The South Australian MVP and captain led from the front in the National Under 18 Championships, and despite injury curtailing his year, Valente showed enough to suggest he could even push into the first round. At his best he is a top 20 player, and it showed when Valente received an invitation to this year’s AFL National Draft, meaning he is highly likely to be taken in that first round. A natural born leader, aside from some athleticism,  there is not too many faults with his game and expect him to be one of the safest picks in the draft crop with his attack on the ball and willingness to get his hands dirty, second to none.

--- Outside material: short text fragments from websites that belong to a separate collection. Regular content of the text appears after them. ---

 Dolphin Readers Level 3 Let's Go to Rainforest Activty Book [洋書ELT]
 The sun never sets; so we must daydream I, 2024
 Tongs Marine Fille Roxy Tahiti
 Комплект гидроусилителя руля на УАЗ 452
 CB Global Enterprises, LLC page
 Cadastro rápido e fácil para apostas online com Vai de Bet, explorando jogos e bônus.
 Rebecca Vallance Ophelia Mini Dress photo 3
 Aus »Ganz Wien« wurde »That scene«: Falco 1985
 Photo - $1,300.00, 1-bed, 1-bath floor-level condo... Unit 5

#29 Luke Foley (Subiaco/Western Australia)

The over-age midfielder has found his straps this season after missing out on being drafted last year. He has become more influential with and without the ball, making good decisions and using it well through the midfield and around the ground. He has a consistent base week-in, week-out and could provide some immediate relief to a team craving an inside midfielder. He made the WAFL Colts Team of the Year despite battling injuries at times, and was solid through the National Under 18 Championships. Expected to be the third or fourth West Australian drafted behind Ian Hill and Jordan Clark, and perhaps Sydney Stack.

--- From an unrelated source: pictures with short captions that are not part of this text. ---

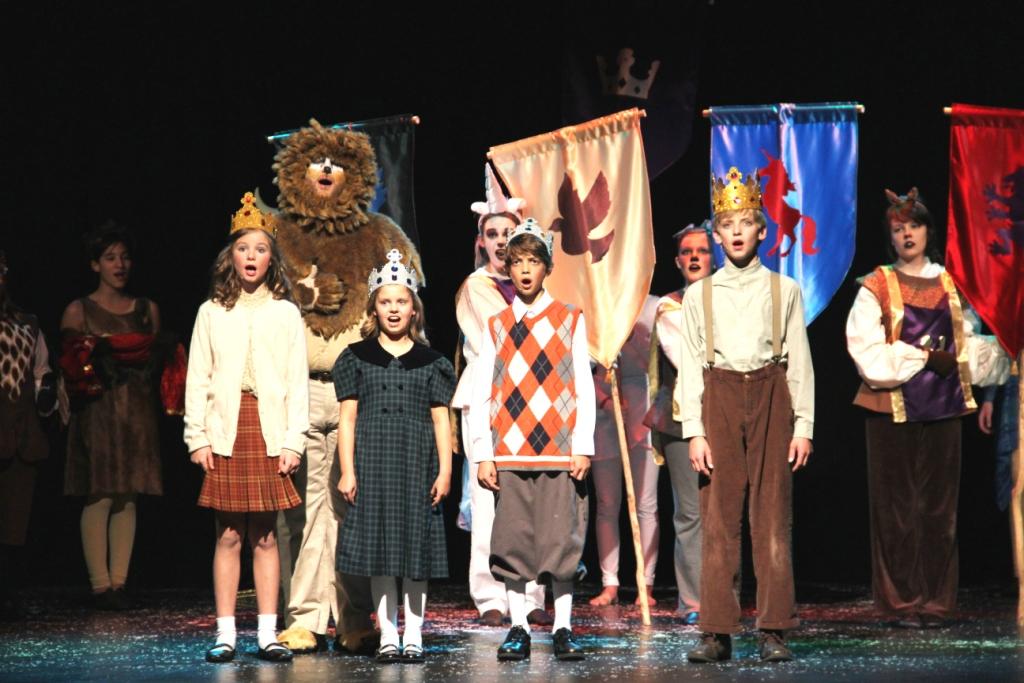 Kudzu Theatre Christmas Carol 2022 Narnia The Musical: The Lion, The Witch And The Wardrobe —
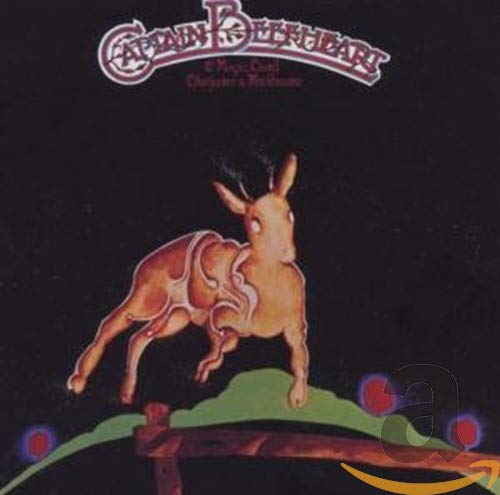 CAPTAIN BEEFHEART - BLUE JEANS & MOONBEAMS (CD)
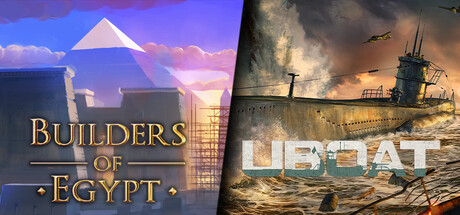 Builders of Egypt and UBOAT banner image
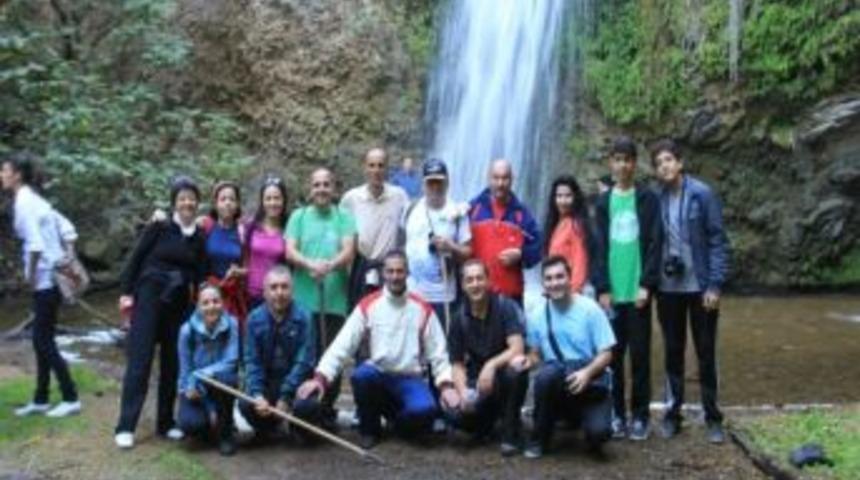 Salihli'de Doğaseverlerin Gezileri S&uuml;r&uuml;yor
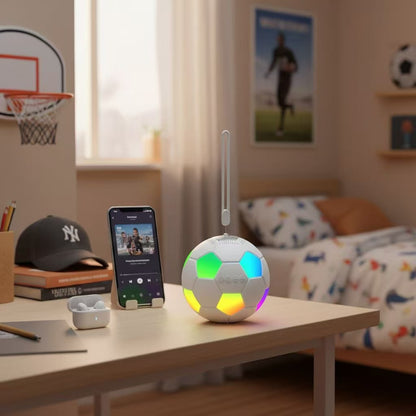 ⚽️ Draagbare Voetbal Bluetooth Speaker🎶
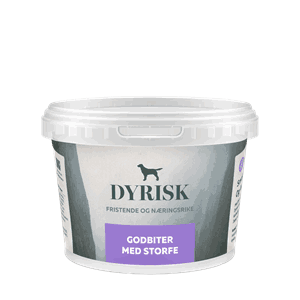 Dyrisk Godbit Storfe 300g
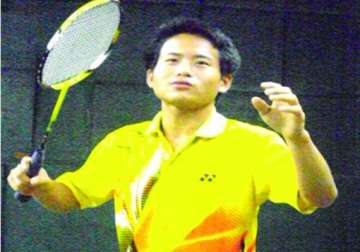 arunachalee shuttler selected for world junior badminton championships.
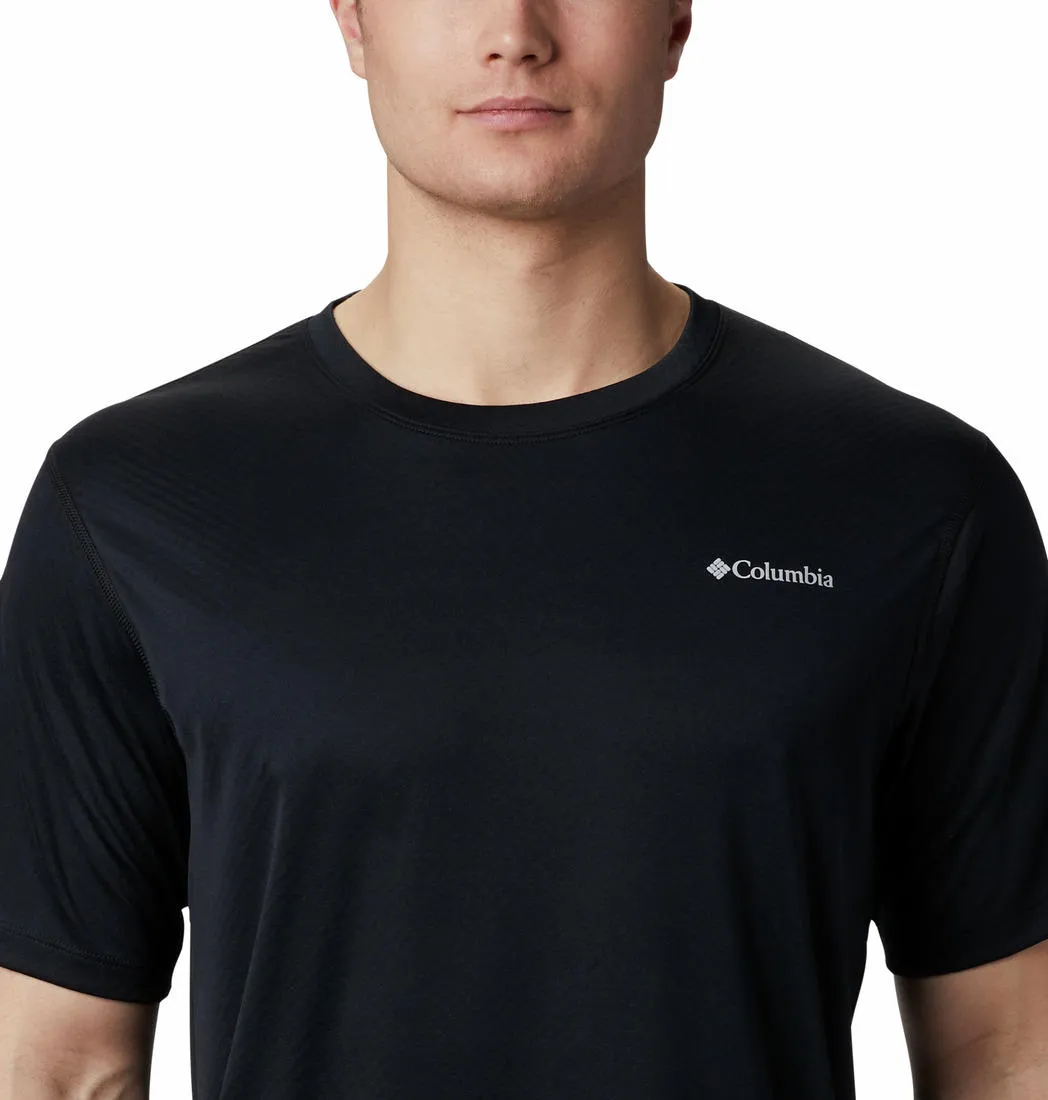 Columbia Men Black Omni-Freeze Zero Rules Tshirt
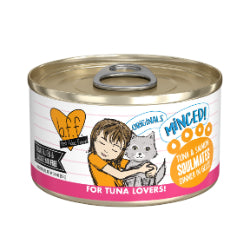 Weruva Best Fido Friend - Chat "Soulmates" Thon et Saumon en Gelée - Nourriture Humide Sans Grains pour Chats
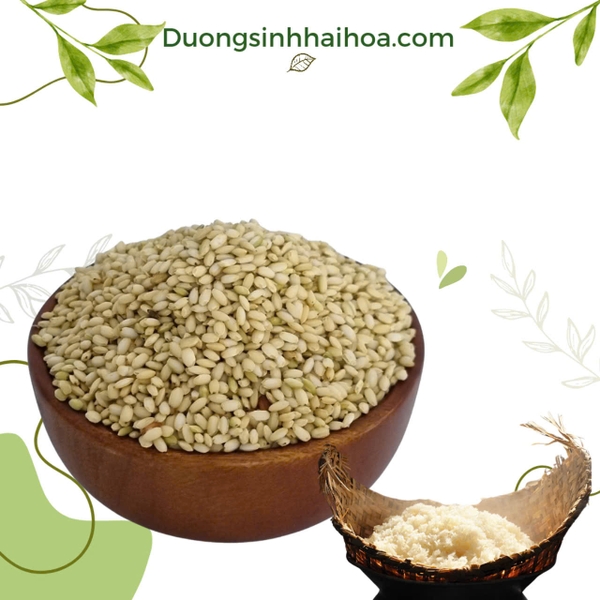 GẠO NẾP CÁI HOA VÀNG XÁT LỨT 1KG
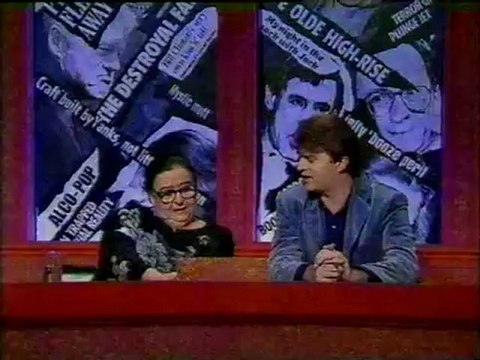 HIGNFY S12E09 - Alan Davies & Jennifer Paterson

#30 Kieren Briggs (GWS GIANTS Academy/Allies)

The top GIANTS Academy prospect had a year to remember through the Academy Series and the National Under 18 Championships, winning the Most Valuable Player (MVP) awards for both the GIANTS and Allies, while also named ruck of the All Australian side. He adds a point of difference to any side given his high endurance base, and ability to just compete and do all the defensive things, and ground work/second efforts to perfection. He is not the most mobile player, but with a frame that is readymade for senior football, Briggs is highly rated both internally and externally, and is expected to receive a bid in the second round.

#31 Ely Smith (Murray Bushrangers/Vic Country)

An omission from the initial Vic Country team, Smith has come on in leaps and bounds. His TAC Cup form was as good as anyone’s during the early part of the season, and he was rewarded with a call-up to Vic Country against Western Australia and was best on ground. From there, he earned a National Draft Combine invitation and showed off his top athleticism, in particular his vertical jump. A big-bodied inside midfielder, Smith is a fierce competitor and a player who teammates love to play alongside.

#32 Will Kelly (Oakleigh Chargers/Vic Metro)

A Collingwood father-son selection, Kelly is a developing key position defender who has also spent time forward. He is more comfortable behind the ball and the Oakleigh Chargers centre-half back is a player who will join brother, Jake in the AFL. He has shot up on draft boards after a huge year having just played the one TAC Cup game last year. The Pies have prepared to match bids on him and Isaac Quaynor, and will do so when a bid – expected to be sometime in the second round – comes in. He will slot straight into Collingwood’s defence in the future once he adds to his build to compete against stronger forwards.

#33 Sydney Stack (Perth/Western Australia)

A balanced midfield who has the hardness of an inside midfielder and the skills of an outside midfielder. He is undersized for an inside midfielder so expect him to spend more time on the outside and still apply his defensive pressure to the ball carrier. Will battle Luke Foley for the third Western Australian taken, with at least five expected to be selected in the top 40. Stack can play other roles and can hit the scoreboard, but his balance between offence and defence is the most impressive ability in his arsenal.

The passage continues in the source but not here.